At different times, Maugh played basketball, volleyball, softball — everything. But eventually, as she neared her high school graduation, it came time to choose one, and Maugh settled on a sport that was far from orthodox at the time.
“Way back when, there were not very many schools that were playing field hockey,” she said.
Field hockey was more popular on the East Coast; in Michigan, there were very few teams in the area. Huron had a team; besides that, it was only Greenhills and other independent schools that had teams.
Maugh’s timing was fortuitous: she graduated from Greenhills soon after Title IX had become law. Before the law, she remembered, things weren’t equal, not just on the playing field but all over athletics.
“When you don’t have the same opportunities, it’s not just on the field,” Maugh said. “There were no opportunities for women in anything.”

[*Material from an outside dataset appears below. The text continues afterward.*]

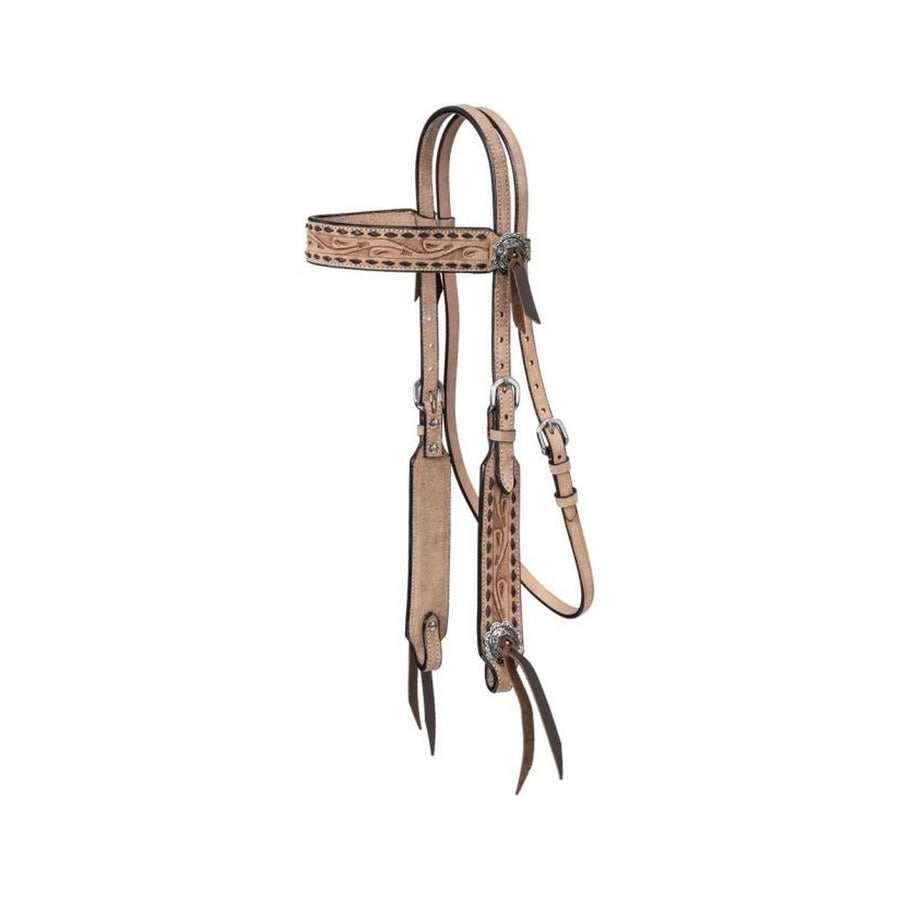 Silver Royal Western Headstall Kirby Browband Leather Brown 45-9963 Image 1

But after Title IX, things were changing. So Maugh and her parents went on a mission: finding a field hockey scholarship. Of course, this was long before athletes could email coaches game tapes. Maugh wrote letters to coaches, and if she was lucky, they would call back and invite her to come in and work out.
“I had a bee in my bonnet at the time,” Maugh said, “because I wanted to play in college but I didn’t know how to do it.”
With help from her Greenhills coach, Marilyn Bradley, Maugh cast her net far and wide looking for a scholarship. But it turned out she needn’t have looked that far. Maugh earned a field hockey scholarship to the University of Michigan, and continued her career there while also going to business school. She was the first Greenhills women’s athlete to earn an athletic scholarship.
“I definitely felt very proud,” she said. “I was doing something new, and I loved that. Nobody else had done it.”